Visual Studio .NET 2003

Many binary operators (discussed in Expressions with Binary Operators) cause conversions of operands and yield results the same way. The way these operators cause conversions is called "usual arithmetic conversions." Arithmetic conversions of operands of different types are performed as shown in the following table:

Conditions for Type Conversion

Conditions Met Conversion
Either operand is of type long double. Other operand is converted to type long double.
Preceding condition not met and either operand is of type double. Other operand is converted to type double.
Preceding conditions not met and either operand is of type float. Other operand is converted to type float.
Preceding conditions not met (none of the operands are of floating types). Integral promotions are performed on the operands as follows:
• If either operand is of type unsigned long, the other operand is converted to type unsigned long.
• If preceding condition not met, and if either operand is of type long and the other of type unsigned int, both operands are converted to type unsigned long.
• If the preceding two conditions are not met, and if either operand is of type long, the other operand is converted to type long.
• If the preceding three conditions are not met, and if either operand is of type unsigned int, the other operand is converted to type unsigned int.
• If none of the preceding conditions are met, both operands are converted to type int.
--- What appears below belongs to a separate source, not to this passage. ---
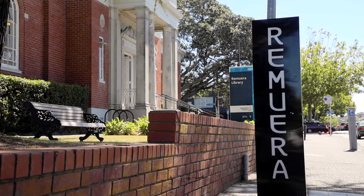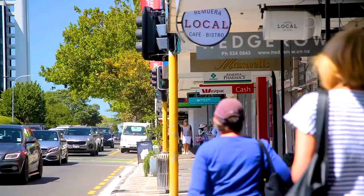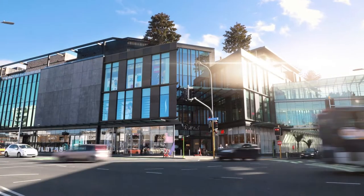It's so close to Remuera, you can whip up to the village for your morning coffee. You can take a hike up Mount Hobson, which is practically on our doorstep. There's public transport — buses and trains at Newmarket. It really is a dream location.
The following code illustrates the conversion rules described in the table:

```float   fVal;
double  dVal;
int   iVal;
unsigned long ulVal;

dVal = iVal * ulVal; // iVal converted to unsigned long;
// result of multiplication converted to double.

dVal = ulVal + fVal; // ulVal converted to float;
// result of addition converted to double.
```

The first statement in the preceding example shows multiplication of two integral types, `iVal` and `ulVal`. The condition met is that neither operand is of floating type and one operand is of type unsigned int. Therefore, the other operand, `iVal`, is converted to type unsigned int. The result is assigned to `dVal`. The condition met is that one operand is of type double; therefore, the unsigned int result of the multiplication is converted to type double.

The second statement in the preceding example shows addition of a float and an integral type, `fVal` and `ulVal`. The `ulVal` variable is converted to type float (third condition in the table). The result of the addition is converted to type double (second condition in the table) and assigned to `dVal`.